Se a principal característica do Judaísmo for buscada, ela será vista como sendo a redução de coisas celestiais e espirituais a um sistema puramente terreno. É o ato de fazer as coisas de Deus de forma meramente sensorial, ou seja, algo relacionado apenas aos sentidos físicos e, também da alma: visão, som, sentimento, razão, emoção, etc., com os numerosos e variados elementos complexos da constituição humana. Um dos argumentos inclusivos desta carta é que um sistema religioso baseado nos sentidos naturais não tem poder algum para levar alguém até a plenitude espiritual. Assim era o tal sistema judaico, e por isso fracassou completa e tragicamente. Deus não queria que ele tivesse outra finalidade que não a de levar a outra coisa; e nesta atual dispensação todo esse sistema judaico é colocado de lado e o outro se tornou a primeira e única coisa na aceitação de Deus. O terreno, natural e temporal foi suplantado pelo celestial, espiritual e eterno, que estava por trás das figuras. O fracasso foi inevitável porque tal sistema terreno nunca se destinou a ser um fim em si mesmo, e isso devido à condição do homem. O sistema judaico operava apenas no campo da alma do homem, que é uma coisa muito instável e variável; enquanto que, para Deus, em primeira instância, tudo é uma questão do espírito do homem. Este é o ponto do versículo doze do capítulo quatro, que deve ser considerado juntamente com o contexto anterior.
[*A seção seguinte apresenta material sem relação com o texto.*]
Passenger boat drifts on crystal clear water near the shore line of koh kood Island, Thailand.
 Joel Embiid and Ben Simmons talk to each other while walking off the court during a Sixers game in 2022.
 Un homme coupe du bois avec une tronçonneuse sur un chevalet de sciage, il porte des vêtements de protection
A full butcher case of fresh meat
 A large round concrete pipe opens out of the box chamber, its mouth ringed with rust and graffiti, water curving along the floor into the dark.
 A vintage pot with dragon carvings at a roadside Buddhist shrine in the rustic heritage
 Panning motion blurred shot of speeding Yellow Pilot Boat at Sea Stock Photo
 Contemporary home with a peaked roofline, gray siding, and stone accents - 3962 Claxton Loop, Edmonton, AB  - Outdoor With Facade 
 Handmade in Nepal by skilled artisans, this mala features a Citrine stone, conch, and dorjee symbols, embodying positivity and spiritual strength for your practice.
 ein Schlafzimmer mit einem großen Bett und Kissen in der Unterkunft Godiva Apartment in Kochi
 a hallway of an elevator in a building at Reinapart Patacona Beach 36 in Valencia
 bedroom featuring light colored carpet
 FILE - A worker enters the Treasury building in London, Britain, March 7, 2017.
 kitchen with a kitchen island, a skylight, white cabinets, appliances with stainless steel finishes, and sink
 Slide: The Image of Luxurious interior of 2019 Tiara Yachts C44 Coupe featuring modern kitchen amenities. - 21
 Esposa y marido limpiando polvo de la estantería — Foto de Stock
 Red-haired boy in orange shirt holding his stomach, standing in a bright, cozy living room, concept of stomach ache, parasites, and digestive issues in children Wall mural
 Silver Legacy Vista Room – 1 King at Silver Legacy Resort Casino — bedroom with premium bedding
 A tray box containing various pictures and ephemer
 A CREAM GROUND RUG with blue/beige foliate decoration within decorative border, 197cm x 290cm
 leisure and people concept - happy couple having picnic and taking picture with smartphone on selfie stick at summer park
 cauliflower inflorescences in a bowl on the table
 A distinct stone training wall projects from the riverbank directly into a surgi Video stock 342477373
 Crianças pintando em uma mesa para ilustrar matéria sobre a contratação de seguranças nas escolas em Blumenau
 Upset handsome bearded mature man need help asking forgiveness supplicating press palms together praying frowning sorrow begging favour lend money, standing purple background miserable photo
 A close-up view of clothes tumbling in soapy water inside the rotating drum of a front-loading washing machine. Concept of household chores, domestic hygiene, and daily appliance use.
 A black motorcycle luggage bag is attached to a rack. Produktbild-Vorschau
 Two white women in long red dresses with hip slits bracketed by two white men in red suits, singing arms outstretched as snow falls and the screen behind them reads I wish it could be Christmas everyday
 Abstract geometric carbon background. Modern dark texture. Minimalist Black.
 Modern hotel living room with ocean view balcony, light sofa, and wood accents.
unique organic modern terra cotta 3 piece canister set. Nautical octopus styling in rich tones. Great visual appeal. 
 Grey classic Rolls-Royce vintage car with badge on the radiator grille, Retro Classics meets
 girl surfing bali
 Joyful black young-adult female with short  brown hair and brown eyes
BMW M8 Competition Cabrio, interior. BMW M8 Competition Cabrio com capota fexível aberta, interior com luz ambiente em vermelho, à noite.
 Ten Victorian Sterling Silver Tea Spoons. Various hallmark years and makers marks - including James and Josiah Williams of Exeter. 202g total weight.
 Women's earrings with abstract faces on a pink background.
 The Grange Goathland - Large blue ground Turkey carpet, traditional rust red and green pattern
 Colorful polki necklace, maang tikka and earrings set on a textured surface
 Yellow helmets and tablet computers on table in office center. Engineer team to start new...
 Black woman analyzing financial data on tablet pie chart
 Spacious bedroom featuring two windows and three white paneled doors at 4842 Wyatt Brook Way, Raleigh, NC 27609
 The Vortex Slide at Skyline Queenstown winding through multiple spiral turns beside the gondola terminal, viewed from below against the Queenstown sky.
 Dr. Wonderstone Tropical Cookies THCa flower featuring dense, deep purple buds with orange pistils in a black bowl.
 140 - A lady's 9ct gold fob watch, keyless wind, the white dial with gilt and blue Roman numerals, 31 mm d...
O pensamento de Deus que corre através desta carta diz respeito à plenitude espiritual, e qualquer religião - até mesmo o Cristianismo - que misture e confunda alma com espírito, sensorial com espiritual (como aconteceu ao Cristianismo-Judaico, e como tem acontecido ao Cristianismo organizado de hoje) está condenado ao mesmo destino do Judaísmo. Se recorrermos aos recursos da alma das pessoas para construir o Cristianismo, ao invés de reconhecermos que "todas essas coisas estão fora de Deus" - que tudo deve primeiro vir dEle e ter seu primeiro ponto de contato com o homem em seu espírito, que, sendo regenerado (nascido de novo) torna-se para sempre o vaso e veículo de todas as coisas divinas - não importa quão imensa possa ser a nossa estrutura, ela irá sucumbir quando o grande "abalo" chegar. O Cristianismo agora, em grande parte, é algo construído com muitos aspectos judaicos inseridos nele; isto é, ordens exteriores, formas, vestimentas, títulos, edifícios e limites rigidamente fixados de apreensão da verdade. Se examinado de um ponto de vista celestial, tudo não passa de tolice, de brincadeira de criança; embora seja tão seriamente respeitado por seus adeptos.
É importante reconhecer que esta carta foi dirigida a um povo que - por um longo tempo - ocupou a posição de um povo que Deus havia tomado do mundo para Si mesmo. A Carta procura explicar a natureza e a história desse povo à luz da Pessoa de Cristo e do verdadeiro Cristianismo espiritual. Isso mostra que até mesmo tal povo escolhido pode transformar a sua santificação em algo terreno, e que, por agirem desta maneira, foram "derrubados" e serão derrubados novamente, mesmo na condição de cristãos, se repetirem no Cristianismo aquilo que seus pais fizeram no Judaísmo. Há algo aqui muito mais do que simples tipologia interpretada ou interpretação aceita quanto à salvação do pecado e do juízo; é a essencial e indispensável ligação celestial do povo do Senhor, bem como a sua vida interiormente separada da vida natural, mesmo num sentido religioso.